Justices talk about school funding



The case was filed in 1991 on behalf of freshman Nathan DeRolph.
COLUMBUS (AP) -- An Ohio Supreme Court justice said he once wanted to shut down state government to force lawmakers to fix the unconstitutional system of paying for public education. Two justices who never wanted to take the case switched their positions and tried to impose a fix in a failed effort to get rid of it.
As the 10th anniversary approaches of the court's landmark school funding decision -- the first of four rulings over seven years in the case known as DeRolph -- four of the seven justices gave a rare behind-the-bench look at deliberations in interviews The Columbus Dispatch published.
Two of them, Republicans who were part of the three-member minority saying the court had no jurisdiction over the case, now say the lawsuit has led to improvements for Ohio students.
"There's just no question that DeRolph has had a positive impact on schools," Chief Justice Thomas Moyer said.
"Even though I maintained it did not belong in our court, the political reality is there is much more attention focused on education than there used to be before the case," Justice Evelyn Lundberg Stratton said.
The majority -- two Democrats and two Republicans, only one of whom remains on the bench -- ruled March 24, 1997, that the school funding system unconstitutionally relies too much on property taxes, creating a disparity between rich and poor districts.
The case was filed in 1991 on behalf of Nathan DeRolph, a high school freshman in rural Perry County who had to sit on the floor to take a test because there weren't enough desks. In 1996, Moyer allowed 90 minutes of arguments by attorneys, an hour longer than usual.
Justice Paul Pfeifer recalls that deliberations afterward around the justices' round oak table were much shorter, about 20 minutes.
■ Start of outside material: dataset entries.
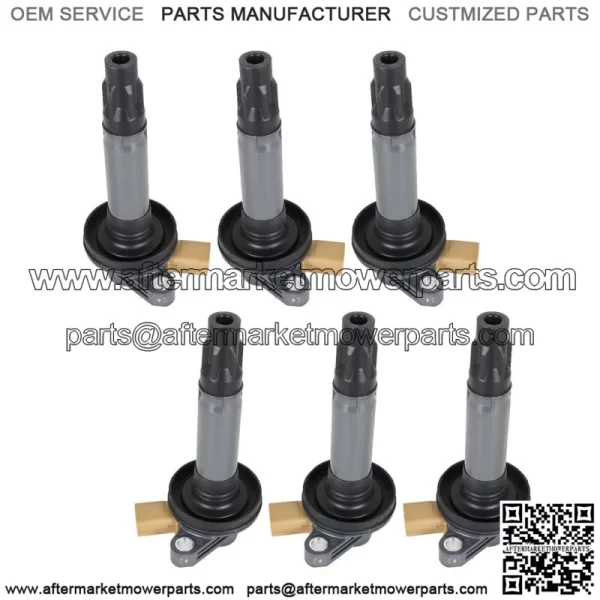 For 2013-2019 Ford Explorer F-150 3.5L Flex Lincoln MKT Ignition Coil - Image 4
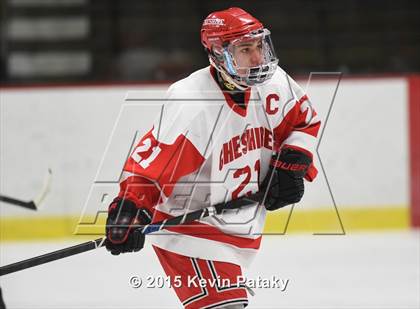 Thumbnail 2 in Suffield/Granby/Windsor Locks vs. Cheshire photogallery.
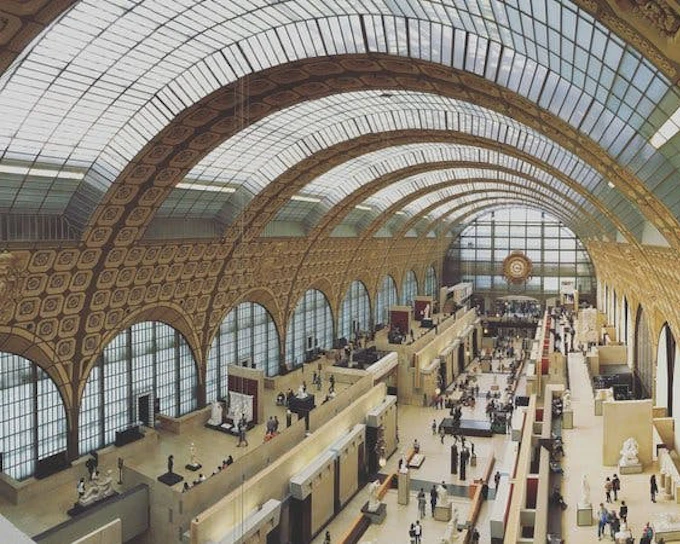 Musée d'Orsay Flexible Late-Entry Ticket (Product 55036)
Before he sat down, former Justice Andrew Douglas knew his vote: "We had to do something."
Where Cook stood
Former Justice Deborah Cook was adamant that how to pay for schools should be left to the governor and lawmakers -- a position she never wavered from, according to the other justices.
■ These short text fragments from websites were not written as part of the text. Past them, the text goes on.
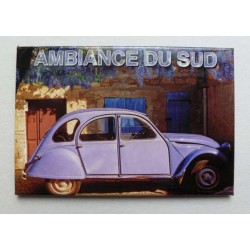 Magnet Provence Ambiance du Sud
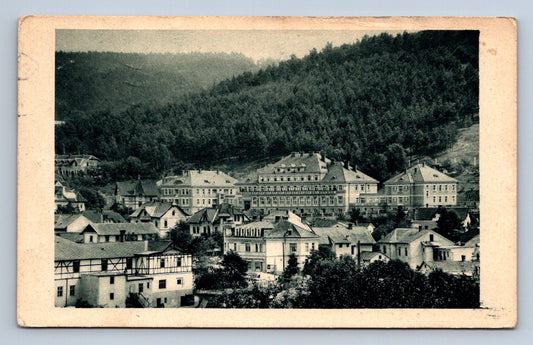 Pohlednice LÁZNĚ LUHAČOVICE (ST2938)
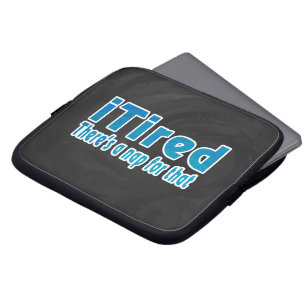 Capa Para Notebook Eu Cansei Há um cochilo para isso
She declined the newspaper's interview request.
Moyer and Stratton said they agreed but were open to persuasion. However, over the next several months, they came to side with Cook.
Then-Gov. George Voinovich, lawmakers and newspaper editorials blasted the court for meddling after the ruling was announced.
"There was never any hesitation among the four of us about whether what we did was right," Justice Douglas said.
The ruling sent the case back to Perry County, where the trial judge ruled in 1999 that the state hadn't complied with the order to overhaul the system. Back it went to the Supreme Court.
With no hope of getting the three-member minority to budge after the bad reception of the first decision, Justice Pfeifer argued for an even more drastic approach.
He wanted to tell the governor and lawmakers that no more state money could be spent until school funding was fixed. He thought that would solve the problem in a week.
Justices Francis Sweeney, Alice Robie Resnick and Douglas refused.
The second decision, on May 11, 2000, acknowledged the state had spent more on education but said the system remained unconstitutional. Despite more funding increases, the case landed back in the high court the next year.
This time, Justices Moyer and Stratton forged a new majority, joining Justices Douglas and Pfeifer in a September 2001 ruling that outlined new school funding formulas and ordered the Legislature to enact them. Justices Sweeney and Resnick did not want to tell lawmakers how to fix schools.
On Dec. 11, 2002, the original majority again ruled the system of relying on property taxes is unconstitutional. Then they ended the court's involvement in the case.